We buy some warm pretzels and walk over to  Starbucks where we pick up a package of coffee beans to take home.  After watching the parade begin and the big clock in Munich ring out the  hour we take the subway back to Octoberfest where the parade is headed.
     After some great music and a few mugs of beer we decide to take a tram and go further away from the loaded pavilions and find a restaurant along the tram line.  This turns out to be a great idea and we enjoy what I call Man Food: pork, mashed potatoes with a rich brown gravy, and purple cabbage.  I am happy, my Italian wife not as happy but puts up with the German cuisine.  
After this we walk through a big park and see a huge beer garden packed with far fewer sloshed locals and and lots more family groups with children.  The feeling tone of this  beer garden was very pleasant.
     We walk through the park and over to the famous Hofbrau Haus.  I am a fan of good beer and what I call  “Oom Pah" music and this place always seems to have a partly smashed  band of brass players having a good time.  They have played the tunes so many times that even playing wasted they hardly need to see the printed music, instead  put all their energy into keeping  everyone singing and swinging their beer steins in the air.  Taking a close look at everyone I notice the ratio of males to females is about 9 to 1.  Most of the males are fairly polluted with eyes glassy, and slurred words.  A fellow, at our table, about 30 years of age, moans, leans forward and pukes in his mug.  Maybe this is the reason why the  mugs are made of  grey ceramic?  Friends carry him out of the building.  After a few songs and one mug of beer we eventually leave this drunken revelry and head back to the park by subway.
     With 6  million beer lovers sucking down 7.7 million litres of beer you have to expect to see folks who have gone over the edge.  And sure enough as we come out of the subway we begin to see staggering people, lots of them  helping each other maneuver.  One fellow in lederhosen , one arm curled around a night pole, talks to it.  
In the  park we see a grass covered hill on our right, covered with people lying down,  mostly semi conscious.  Over 100 volunteers, and doctors are stationed in the medical centre while ambulance attendants carry a kind of stretcher with a plastic dome where they put the unconscious inside and carry them off.  Portable johns have huge lines, and there is a sign saying that there is no cellular coverage in this area.  It is obvious that you cannot sit in the johns call your friends. 
     You can imagine the problems this festival creates.  Electric power consumption totals approximately 2.7 million kilowatt hours.  We see more and more trash overflowing from the bins and cans provided as crowds wander about and clog the intersections where one  can hardly move.  It is worse that Disneyland  on a school holiday.  There are more people than can be jammed inside the  pavilions, so the rest wander around aimlessly.
     The next day, surrounded by the beautiful Bavarian Alps, we observe the Disneyland like castle as we drive the road.  Ludwig II of Bavaria was a  visionary in this respect, creating such a beautiful castle with all those spires perched on the side of a mountain. 
Parts of the castle are unfinished, as Ludwig mysteriously met his end at the bottom of a lake nearby and the funds to finish it were publicly cut off.  Actually I think that the view of the castle is better than what is seen inside.  
One thing about living in Europe, you begin to get too used to seeing castles and the extravagant furnishings.
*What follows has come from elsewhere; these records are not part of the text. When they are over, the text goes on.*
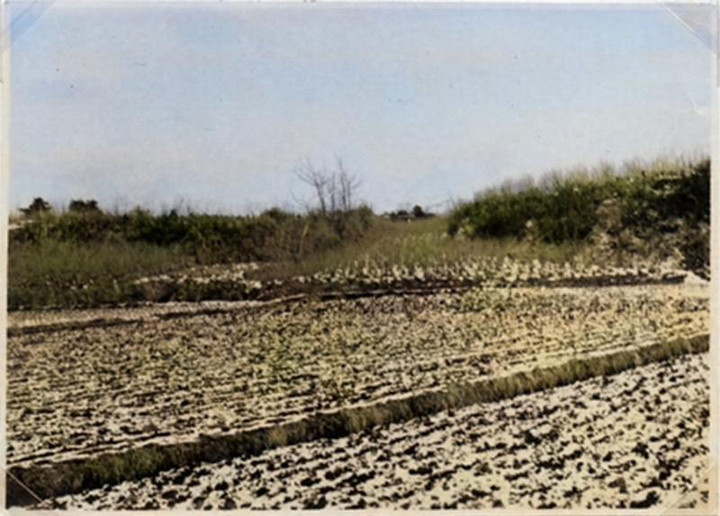 Kokugaku_kokubunji4c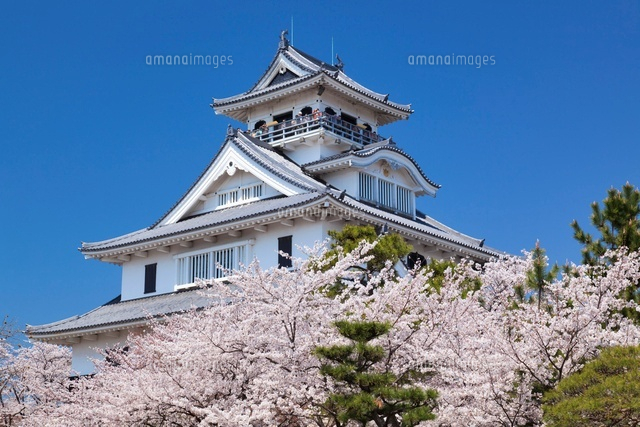 桜と長浜城
(c)YOSHITSUGU NISHIGAKI/SEBUN PHOTO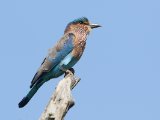 Indian Roller - Indische Scharrelaar (Coracias benghalensis)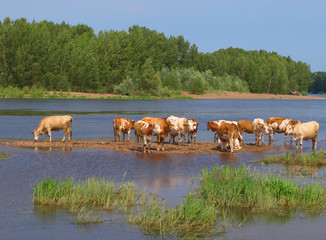 Fototapeta na wymiar Cows near river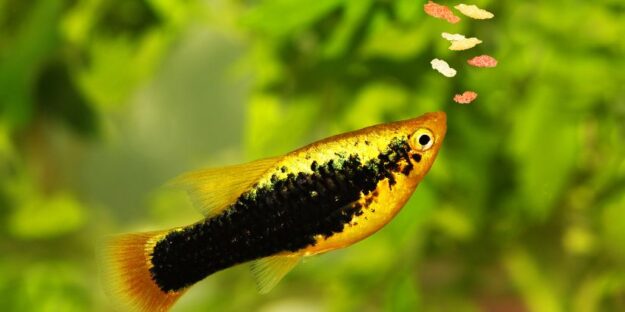 What Do Fish Eat A fish is about to eat some food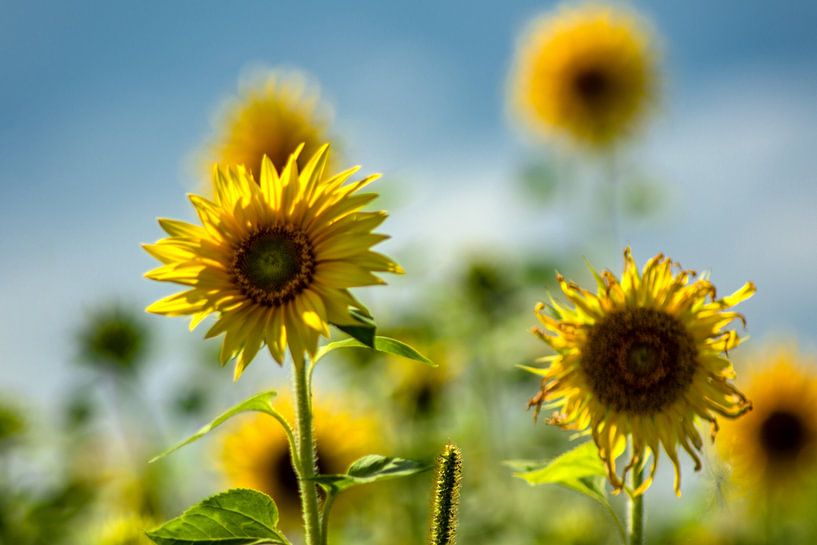 Zonnebloemen van Photoart-Naegele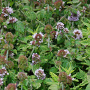 Mentha aquatica GM P9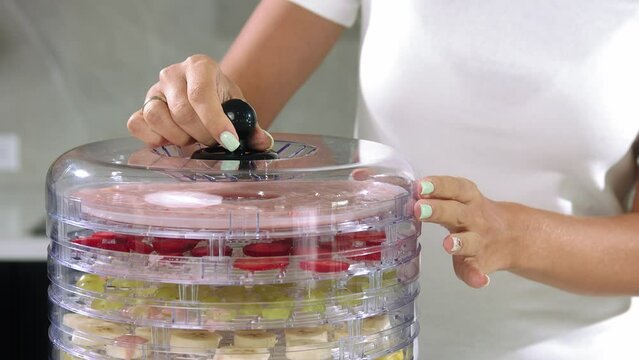 Fruit puree in dehydrator, Fruit puree and fruit in dehydrator, girl closes the lid of the dehydrator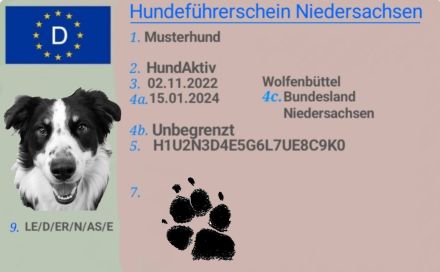 Hundehaltersachkunde Hundeführerschein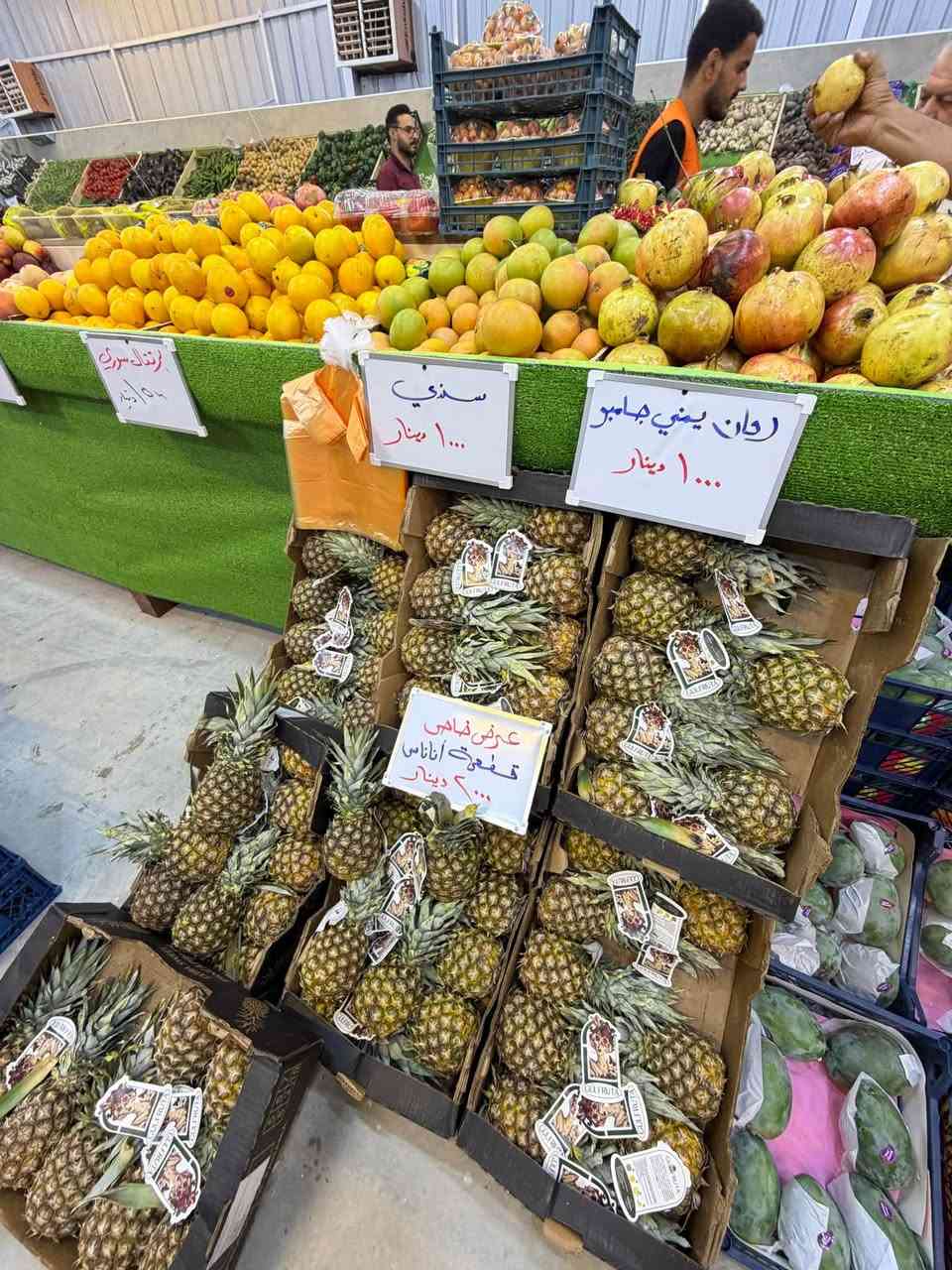 عروض اليوم • منجا قطعتين • نزلة الجسر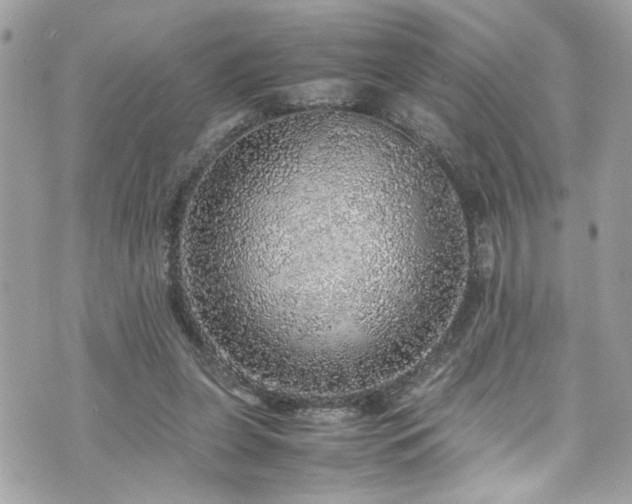 X0000070410255200606161418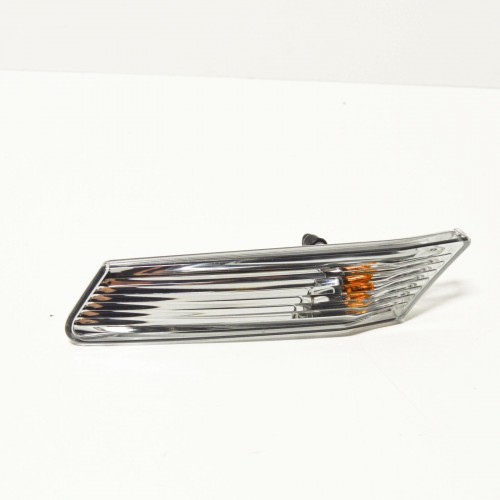 Direction indicator light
I never thought I would say this when living back in the states.  I am also getting tired to see cathedrals. 
     The drive back through Innsbruck and down the pass to Verona was quite beautiful.  The Fall colors, the robber baron castles perched on the hill tops, and the blue lakes and streams make it a painter’s paradise.  Being a painter I am quite happy but we will skip the pavilions and head to the market and  revisit the beer garden.